Tobacco stunt virus and lettuce big vein virus (Kuwata et al., 1983) share several characteristics. Both have similar rod-shaped particles containing double-stranded RNA, and are transmitted in the same manner by the chytrid fungus, Olpidium brassicae. Moreover, there is a close serological relationship between the two viruses. They differ markedly, however, in host range; tobacco stunt virus infects tobacco but not lettuce, whereas lettuce big vein virus infects lettuce but not tobacco. Therefore they should be considered as distinct viruses rather than as strains of one virus.

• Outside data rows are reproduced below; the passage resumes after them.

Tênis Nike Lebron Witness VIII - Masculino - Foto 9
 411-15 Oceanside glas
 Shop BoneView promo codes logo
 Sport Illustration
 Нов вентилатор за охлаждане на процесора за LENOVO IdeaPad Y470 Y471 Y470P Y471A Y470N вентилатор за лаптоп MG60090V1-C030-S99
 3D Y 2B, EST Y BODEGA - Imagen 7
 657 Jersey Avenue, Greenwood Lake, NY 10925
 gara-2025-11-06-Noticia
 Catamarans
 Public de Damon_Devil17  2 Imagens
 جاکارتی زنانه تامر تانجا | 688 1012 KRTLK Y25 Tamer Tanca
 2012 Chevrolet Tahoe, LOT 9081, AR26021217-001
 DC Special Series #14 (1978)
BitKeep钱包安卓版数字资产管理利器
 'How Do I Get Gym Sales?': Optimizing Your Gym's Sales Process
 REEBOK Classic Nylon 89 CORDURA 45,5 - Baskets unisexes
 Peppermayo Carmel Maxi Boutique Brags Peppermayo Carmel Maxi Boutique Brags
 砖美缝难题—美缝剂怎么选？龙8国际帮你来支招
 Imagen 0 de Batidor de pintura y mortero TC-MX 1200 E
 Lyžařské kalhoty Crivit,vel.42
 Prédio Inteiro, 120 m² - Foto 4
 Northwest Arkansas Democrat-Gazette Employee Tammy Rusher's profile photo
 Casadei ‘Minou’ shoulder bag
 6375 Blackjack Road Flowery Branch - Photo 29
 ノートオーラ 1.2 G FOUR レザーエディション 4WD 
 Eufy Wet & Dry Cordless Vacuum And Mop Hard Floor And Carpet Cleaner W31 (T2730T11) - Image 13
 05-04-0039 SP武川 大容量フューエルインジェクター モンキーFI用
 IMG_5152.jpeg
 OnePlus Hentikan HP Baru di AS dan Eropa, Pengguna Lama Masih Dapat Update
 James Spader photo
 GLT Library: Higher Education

The properties of these two viruses strongly suggest that they form a new plant virus group.

References

  1. Hidaka, Ann. phytopath. Soc. Japan 15: 40, 1950.
  2. Hidaka, Hiruki, Nakano, Shimizu & Uozumi, Bull. Hatano Tobacco Exp. Stn 40: 1, 1956.
  3. Hidaka & Tagawa, Ann. phytopath. Soc. Japan 31: 369, 1965.
  4. Hidaka, Tagawa & Hidaka, Proc. 1st intersect. Cong. IAMS, Tokyo, 1974, 3: 287, 1975.
  5. Hiruki, Virology 23: 288, 1964.
  6. Hiruki, Virology 25: 541, 1965.
  7. Hiruki, Virology 33: 131, 1967.
  8. Hiruki, Can. J. Bot. 53: 2425, 1975.
  9. Kuwata & Kubo, Ann. phytopath. Soc. Japan 47: 264, 1981.
  10. Kuwata & Kubo, Ann. phytopath. Soc. Japan 48: 392, 1982.
  11. Kuwata & Kubo, Ann. phytopath. Soc. Japan 49: 433, 1983.
  12. Kuwata & Kubo, Abstr. 6th int. Congr. Virol. Sendai, Abstr. No. P45-2, 1984.
  13. Kuwata, Kubo, Yamashita & Doi, Ann. phytopath. Soc. Japan 49: 246, 1983.


Figure 1

Naturally infected tobacco (Nicotiana tabacum), cv. Burley 21, showing severe stunting.

Figure 2

Local lesions in mechanically inoculated N. tabacum cv. Xanthi NN.

Figure 3

Systemic symptoms in N. tabacum cv. Bright Yellow seedlings inoculated by means of viruliferous Olpidium brassicae.

Figure 4

Virus particles in sap from an infected tobacco leaf, stained with 2% uranyl acetate. Bar represents 200 nm.

Figure 5

Virus particles from a partially purified preparation, stained with 2% potassium phosphotungstate after fixation with 5% glutaraldehyde for 15 min. Bar represents 100 nm.

Figure 6

Polyacrylamide gel electrophoresis of double-stranded RNA. (Right) double-stranded RNA species from tobacco stunt virus, (left) marker: double-stranded replicative form of tobacco mosaic virus RNA.

Figure 7

Large aggregate of virus particles in the cytoplasm of a mesophyll cell of N. tabacum. Bar represents 300 nm.